On a tray between the heads of their beds, he noticed a small heap of cotton swaps seeped in blood. Among them, a metal appliance. A scalpel. Had they cut his ankle open? There was some numbness in his leg, but he couldn’t be sure. Rannek sighed. If only it were doctor Mireri treating him, in his office, lecturing him throughout. That he could handle. This, however…
A movement by the girl made him flinch, yet she only turned to the side, still asleep. Rannek picked up the scalpel. He wiped it against the bedsheet before putting it into his shirt pocket. Chains or not, there was no need to give her any ideas.
The hiss of zipper teeth sounded from the door, but he did not look up. Whatever the Nysen’s duties were, he would not disturb her. Should she scold him again, he would show her nothing but kindness and courtesy. Rannek imagined the ghost of Wellan shaking his head in disapproval. It made him smile, bitterly.
»I’ve never liked you, Lorne, but I still didn’t think you this much of an fool.«
The words cut Rannek and made him turn his head after all. In the door stood the last person in the Known World he wanted to talk to. »Colonel,« he said, his dry tongue smacking.
»You will shut your mouth until I’m finished,« Syrkanan said as he sealed the door again. »Two days it took us to get to the crash site, one more to get to the valley.
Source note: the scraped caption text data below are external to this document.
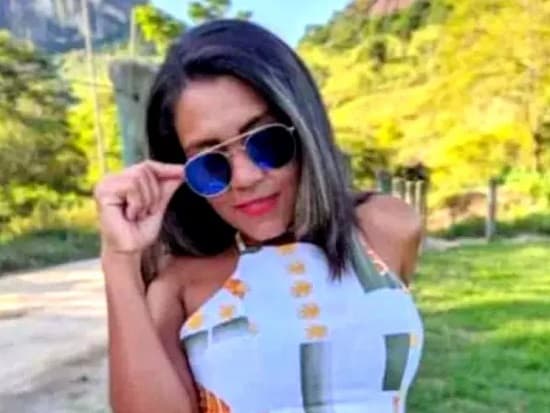 Mulher morre eletrocutada ao pisar em fio desencapado em casa no sul da Bahia
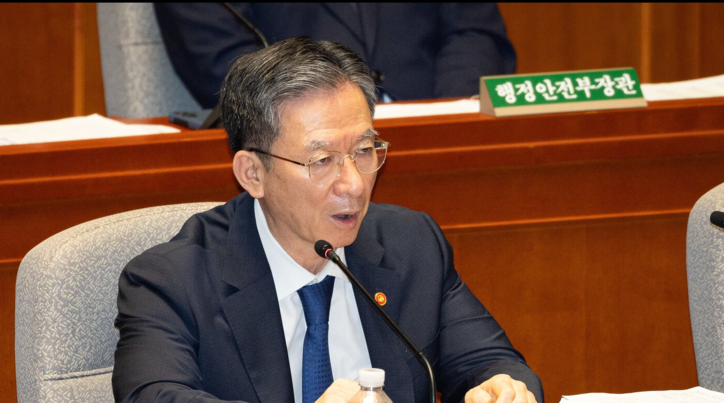 정성호 법무부 장관이 지난 25일 서울 여의도 국회에서 열린 제428회 국회(임시회) 예산결산특별위원회 제1차 전체회의에 출석해 의원 질의에 답하고 있다. / 뉴스1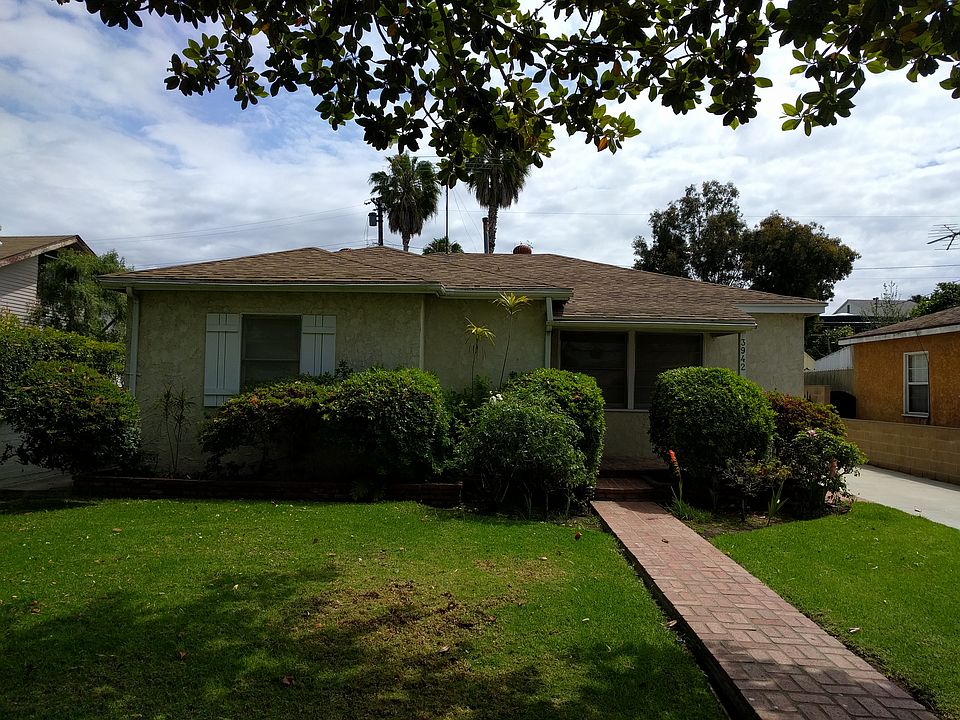 1st image of 3942 Redwood Ave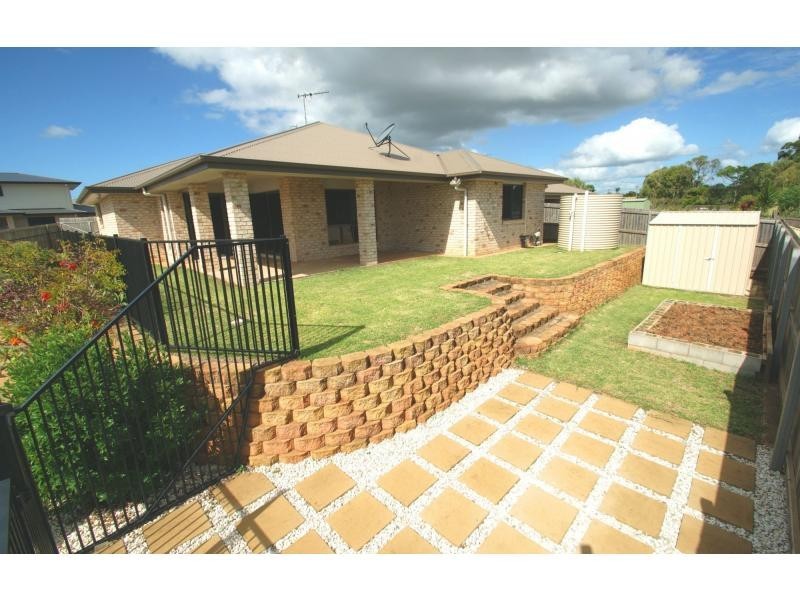 6 Brougham Court, Avoca QLD 4670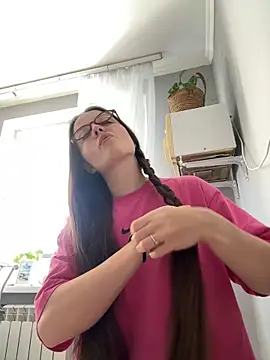 AmiLavs online show from February 9, 2025, 11:04 am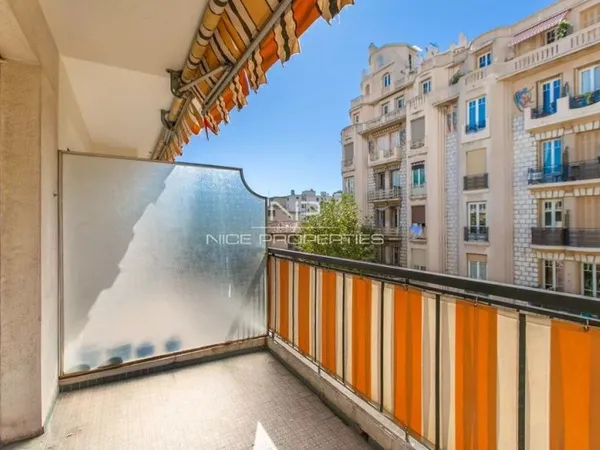 Nice Centre, proche Parc Impérial, superbe 4 pièces rénové avec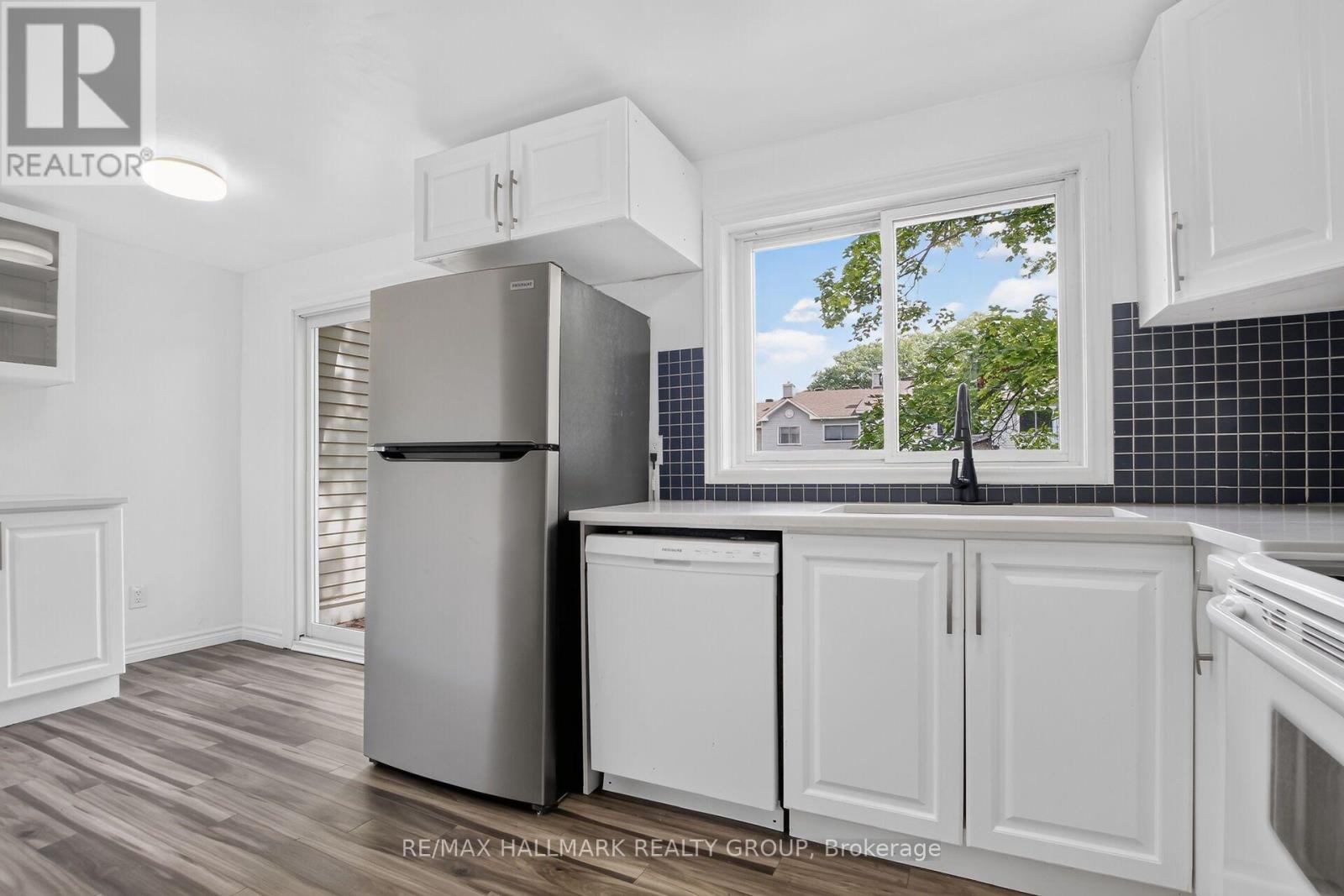 3 Bed, 2 Bath House for Sale in Ottawa – 7 – 86 ESTERLAWN PRIVATE, Ottawa – MLS# X12732180 - Image 27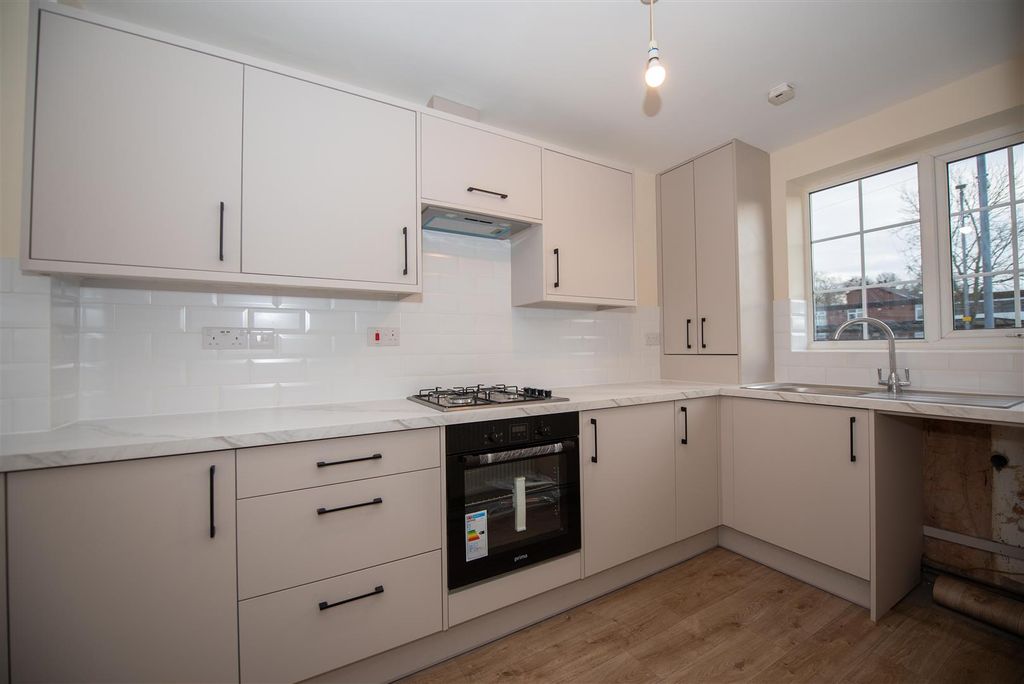 Property photo 3 of 8 Kitchen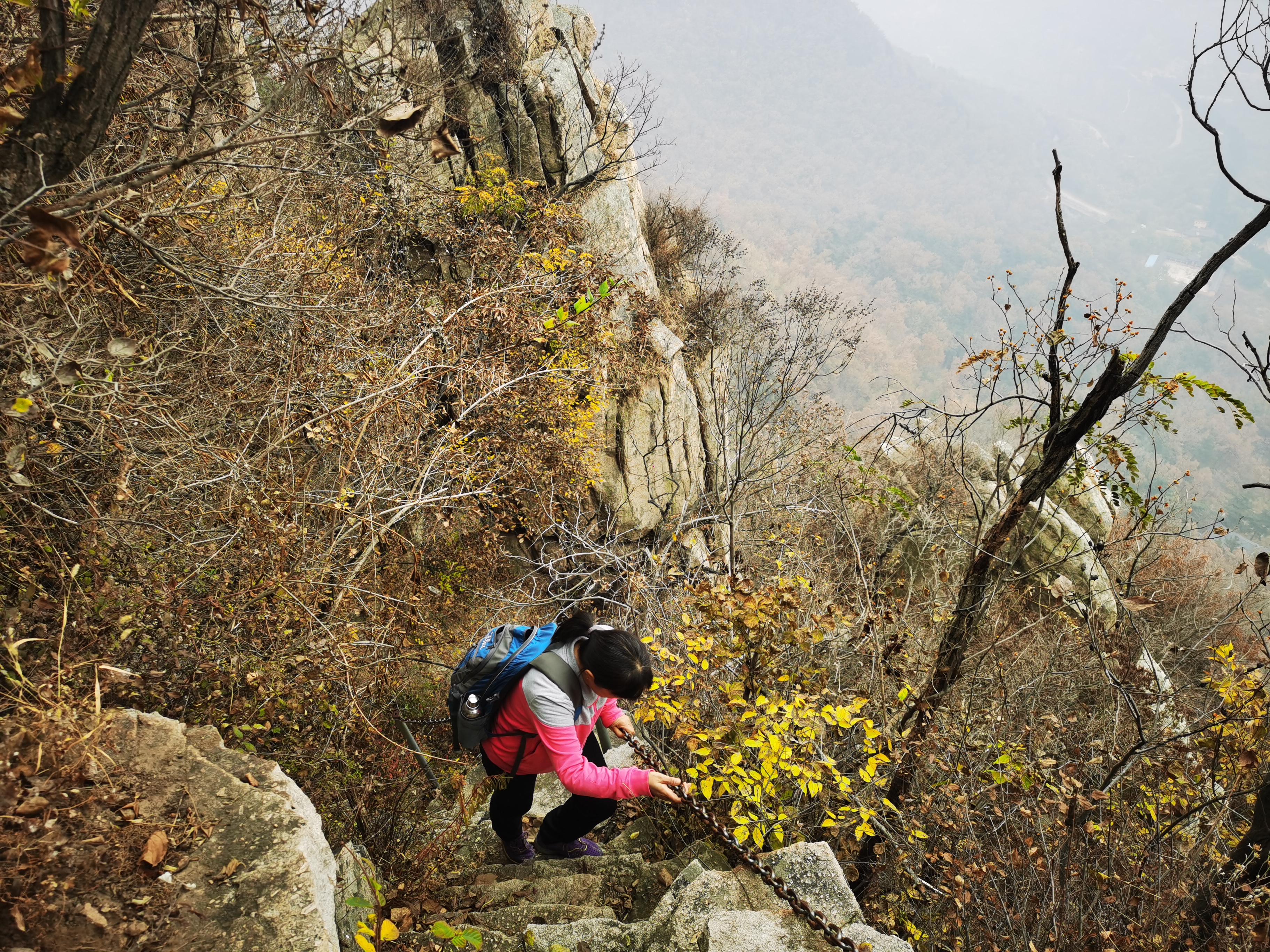 小华山免费爬山攻略,齐鲁嵩山漂亮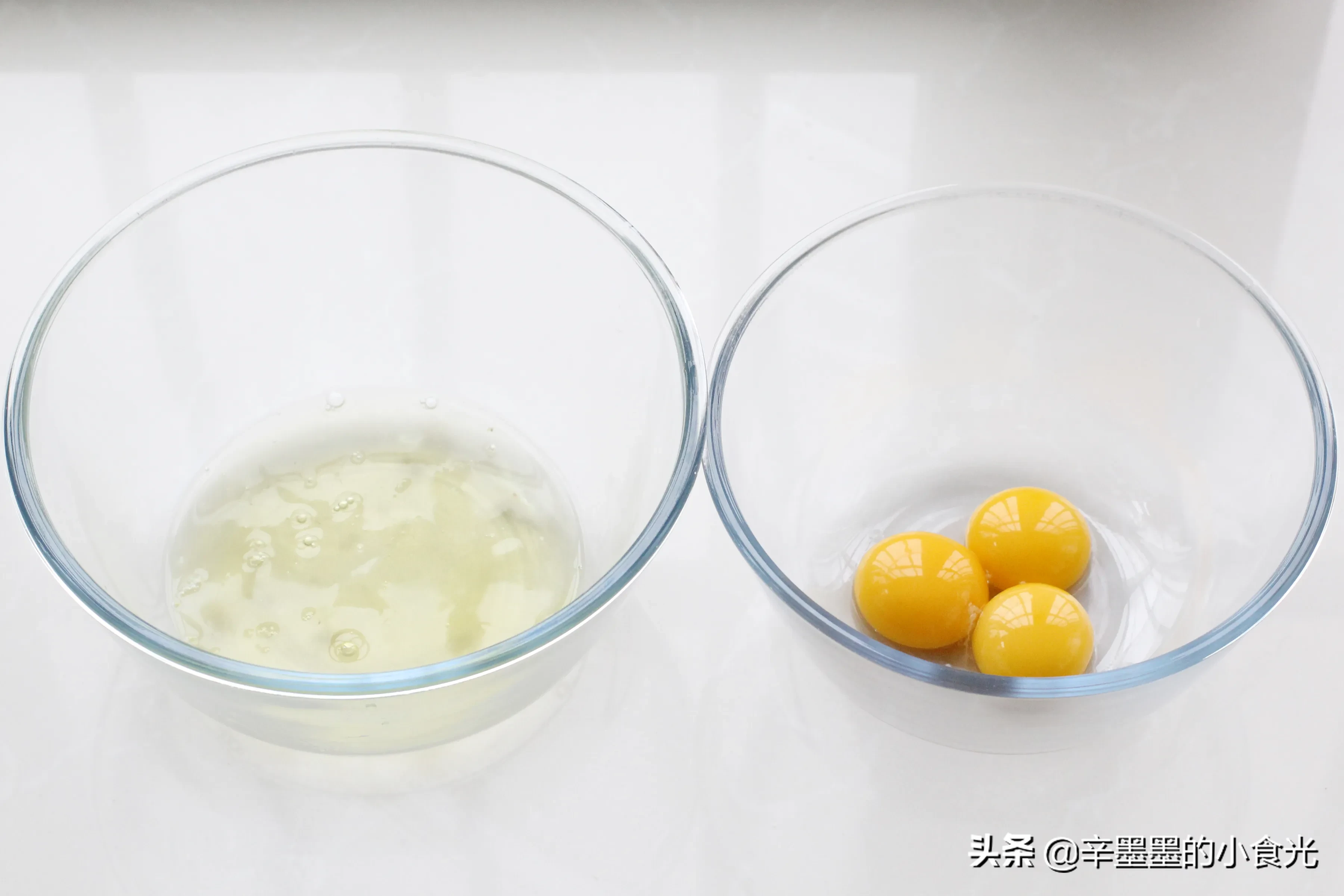 美食测评团 6月吃什么 夏天不适合吃烘烤类的甜品，所以做了这款蒸蛋糕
I had resigned myself to the likelihood of finding you and yours either dead or huddled beneath some rock hiding like the sissies you are. I’ve even considered the possibility of you and the little brat being taken. Suboptimal, yes. But manageable.” The colonel took off his vest and flung it onto a rack with startling precision. On the shirt he wore underneath, Rannek spotted something he had never seen on the man before—sweat. »Whatever happened to her, we could have blamed on you. Whatever happened to you, we could have blamed on the Liberation. No, but that wasn’t quite simple enough for you, was it?« Syrkanan scoffed. »You lot are all the same. Politicians. Put on pup’s eyes all you like, I know there’s a part of you that revels in knowing what a hurricane of shit you have brought down on us. So spare me your blabbering, I only have one question, anyway.« He walked between the two sickbeds, put his hands behind his back, and leaned in until Rannek was sure he should have smelled something, anything; yet the colonel utterly lacked a scent. »Why on earth would you take the girl down into the mines?«
»They discovered us. We didn’t have a choice.«
»Wrong. You had plenty choices.«
»None of which seemed favorable at the time.«
»What a political way to put it.« Syrkanen glanced at the bed to his back. »The Nysen penned you in with your little Union souvenir, haven’t they? I’d commend the insult if it didn’t remind me of my ex-wife.«
So it wasn’t just the one that was upset with him. »I understand how this looks, but—«
»How it looks?« The colonel’s tone spoke of ridicule, yet his eyes stayed on him like a shark’s. »You really have no clue, have you? What you’ve done? What is going to happen because of it?«
Rannek swallowed. »I thought you had just one question.«
A twitch of the old man’s eye gave Rannek pause. All of a sudden, Syrkanan reached out to his right, grabbed the rack carrying the IV, and flung it into the pile of folded beds and sheets with a crash.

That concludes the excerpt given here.